Situada na República Árabe Síria, as ruínas da monumental cidade de Palmyra encontram-se hoje no meio de um deserto. Porém, durante o Império Romano, há dois mil anos, a cidade era uma metrópole cultural e comercial, onde afluíam rotas mercantis que ligavam a Pérsia, a Índia e até a China ao Império Romano e cujas influências são visíveis ainda hoje na arquitectura urbana que chegou até aos nossos dias, fazendo parte da lista do património mundial (UNESCO), desde 1980.
A principal questão que se coloca foi a de como a cidade conseguiu prosperar no meio do deserto, ainda que constituísse um oásis.
O arqueólogo Jørgen Christian Meyer fez o levantamento arqueológico numa área de 104 km2, a norte da cidade, durante quatro anos, a partir de 2008, incidindo sobre os terrenos montanhosos que canalizavam as águas da chuva para os vales, tornando a região menos inóspita para a prática da agricultura. Através da prospecção terrestre e imagens de satélite, os arqueólogos suspeitam da existência de mais de 20 aldeias agrícolas a oeste da cidade, a juntar às outras 15, localizadas a este, descobertas anteriormente. Para além destes achados, foram descobertos também vestígios de extensas redes de reservatórios artificiais, ligados por canais, destinados à captura e armazenamento das chuvas provenientes das tempestades sazonais. Com estas descobertas, supõe-se agora que a paisagem circundante à cidade era constituída pelo cultivo de várias espécies agrícolas: oliveiras, figueiras e pistaches, culturas comuns na região. Através de análises de pólen a tijolos de barros, concluiu-se também que a cevada terá sido também cultivada.

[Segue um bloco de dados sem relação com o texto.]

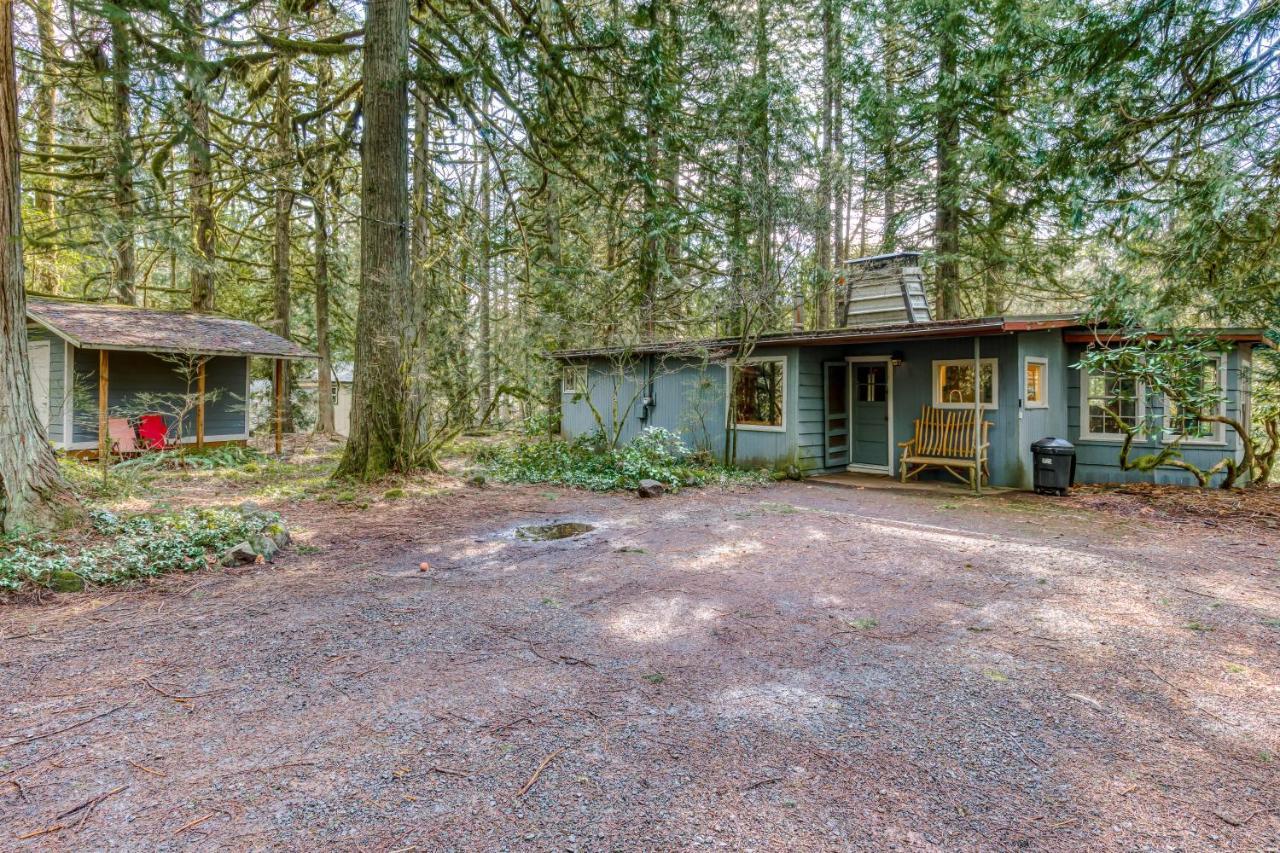 Villa Hunter'S Haven Welches Esterno foto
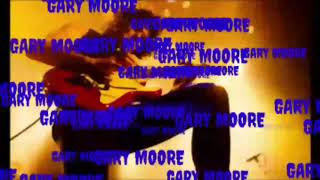 Gary Moore - The Loner Backing Track Full Version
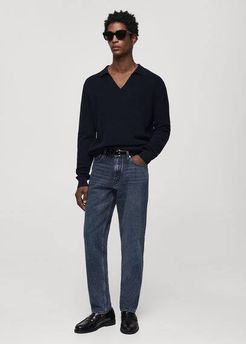 Jeans Bob straight-fit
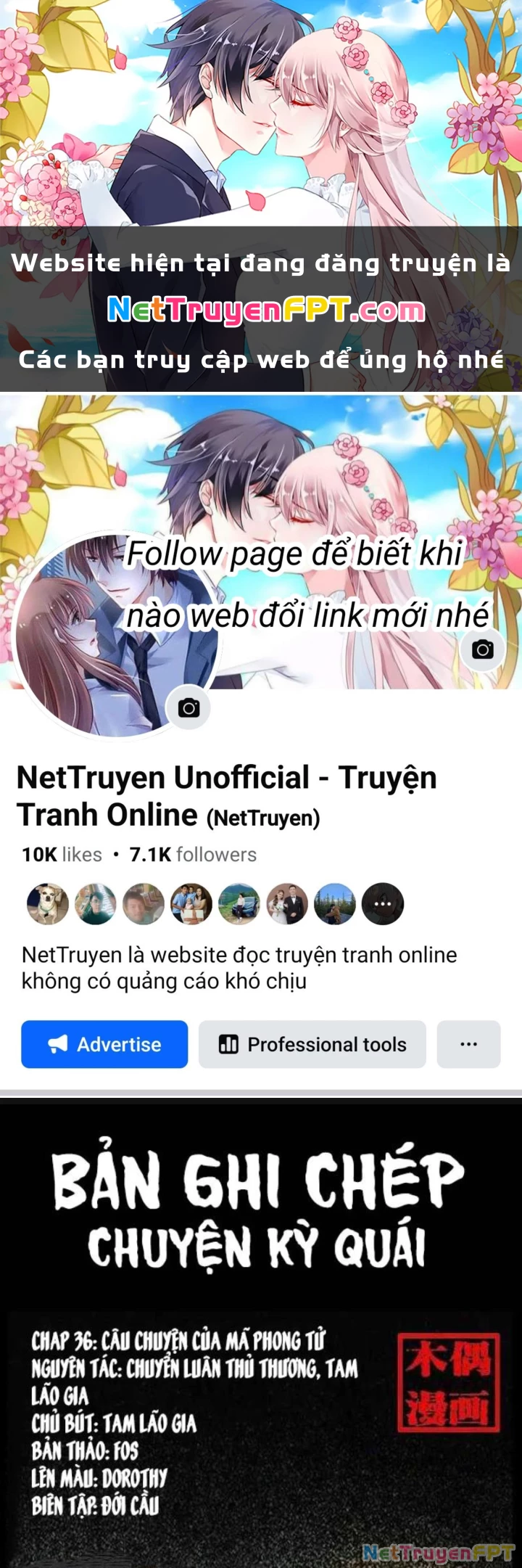 Tam Lão Gia Kinh Kỳ Thủ Trát Chapter 36 - Trang 2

O que terá provocado a alteração ambiental naquela região? A pergunta ainda não tem resposta. Porém, os estudiosos colocam de parte a alteração climática radical, uma vez que as mais recentes pesquisas defendem que o macro-clima não terá mudado profundamente desde a Antiguidade. Muito embora fosse uma zona de estepe seca, Meyer considera que a região tinha um potencial enorme para a agricultura, caso existisse um investimento no controlo dos recursos, sobretudo hídricos. Segundo os cálculos do investigador, estima-se que se conseguia captar entre 12 a 15 cm3 de água da chuva por ano, pelo menos até cerca de 700 D.C., altura em que a cidade parece decair, o que permitia alimentar a cidade com a produção agrícola local.
Estas novas descobertas permitem também levantar novas questões, nomeadamente o porquê do florescimento comercial da cidade, que obrigava a deslocação por deserto, através de caravanas e camelos, quando havia rotas alternativas, mais directas e provavelmente, mais rápidas, como é o caso do rio Eufrates, do mar Vermelho e do rio Nilo?
A resposta poderá estar, por um lado, no contexto geopolítico da região, bem como destas agora descobertas condições agrícolas. De facto, há dois mil anos a cidade encontrava-se comprimida entre os impérios romano, de um lado, e o persa, do outro. Ao longo do Eufrates, pequenos reinos cobravam altos impostos pela passagem de mercadorias. Assim, as caravanas que atravessavam o deserto eram uma alternativa atractiva à passagem por esses reinos, porque era livre de impostos. Ora, a existência de uma paragem, urbana e auto-suficiente facilitou a rede comercial, através do deserto. Segundo Meyer, os agricultores cooperaram com os pastores nómadas, que, com as suas caravanas de camelos e ovelhas, permitindo apascentar os rebanhos e as cáfilas, após as colheitas, que ajudaram à fertilização dos campos.
O trabalho de Meyer, infelizmente não finalizado pela situação política instável na Síria, que compromete inclusive a preservação do trabalho de escavação, sobretudo nos arredores da cidade, lança, no entanto, novas perspectivas para a arqueologia como disciplina, mostrando que não se deve dar maior importância aos monumentos construídos pelas elites de outrora – templos, teatros, anfiteatros –, mas sim integrá-los num todo, paisagem incluída, de forma a compreender as sociedades perdidas como um todo, lançando novas pistas para o seu total conhecimento.